Учась в университете в Глазго, Фрэзер демонстрировал блестящие результаты, однако скоро он осознал, что хотя шотландское образование было более фундаментальным, чем английское, его стандарты все же не столь высоки. После получения степени в Глазго, Фрэзер был принят в Тринити-колледж Кембриджского университета в 1874 на программу второго бакалавриата. По итогам классического трипо в 1878 году он занял второе место. Защита диссертации о платоновской эпистемологии в 1879 году обеспечила ему членство в Тринити-колледже, которое после трехкратного продления было присвоено ему пожизненно. Фрэзер был членом Тринити-колледжа на протяжении более 60 лет.

В 1896 году Фрэзер женился на миссис Элизабет (Лилли) Гроув, вдове французского происхождения с двумя детьми, которой в силу стесненных обстоятельств пришлось заняться писательским ремеслом. Она написала одну из первых по времени и по значению книг об истории танца, а также несколько коротких пьес на французском языке для школьных постановок. Очень скоро она убедилась, что научное сообщество не признает заслуг ее супруга, и стала прилагать все усилия для продвижения его карьеры (сам Фрэзер оставался типичным ученым-исследователем, нелюдимым и застенчивым). Она также организовала перевод его трудов на французский язык, благодаря чему Фрэзер стал очень хорошо известен во Франции после Первой мировой войны. В 1914 году Фрэзер был посвящен в рыцари, в 1920 — стал членом Королевского общества, а в 1925 — награжден Орденом заслуг.
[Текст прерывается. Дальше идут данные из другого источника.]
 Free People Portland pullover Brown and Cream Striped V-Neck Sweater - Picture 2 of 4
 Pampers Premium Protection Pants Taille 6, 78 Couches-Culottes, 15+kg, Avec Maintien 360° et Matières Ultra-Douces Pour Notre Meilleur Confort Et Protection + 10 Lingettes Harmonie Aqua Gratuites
Первым научным трудом Фрэзера, начиная с которого можно говорить о его интересе к антропологии, был написан благодаря его дружбе с Уильямом Робертсоном Смитом (1847-1894), выдающимся шотландским теологом и семитологом- компаративистом. Больше, чем кто-либо другой, Смит способствовал популяризации достижений немецкой библейской критики в Британии конца XIX века. Эти усилия привели к тому, что он стал обвиняемым на последнем громком судебном процессе по делу о ереси у себя на родине. Даже будучи оправданным, Смит приобрел слишком печальную известность в Шотландии, и потому согласился занять академическую позицию в Кембридже. Вместе с другими занятиями он совмещал обязанности редактора девятого издания “Британской энциклопедии”, находясь в постоянном поиске подходящих авторов статей. Познакомившись со своим соотечественником Фрэзером в Тринити-колледже, Смит быстро приобщил его к работе. Поскольку в то вермя энциклопедии издавались по одному тому за раз и поскольку тома до буквы “О” уже увидели свет, Фрэзеру было поручено писать статьи, начиная с буквы “P” и далее. Так Фрэзер становится автором статей “Табу” и “Тотем”, что приводит его на пока еще мало освоенное поле антропологии.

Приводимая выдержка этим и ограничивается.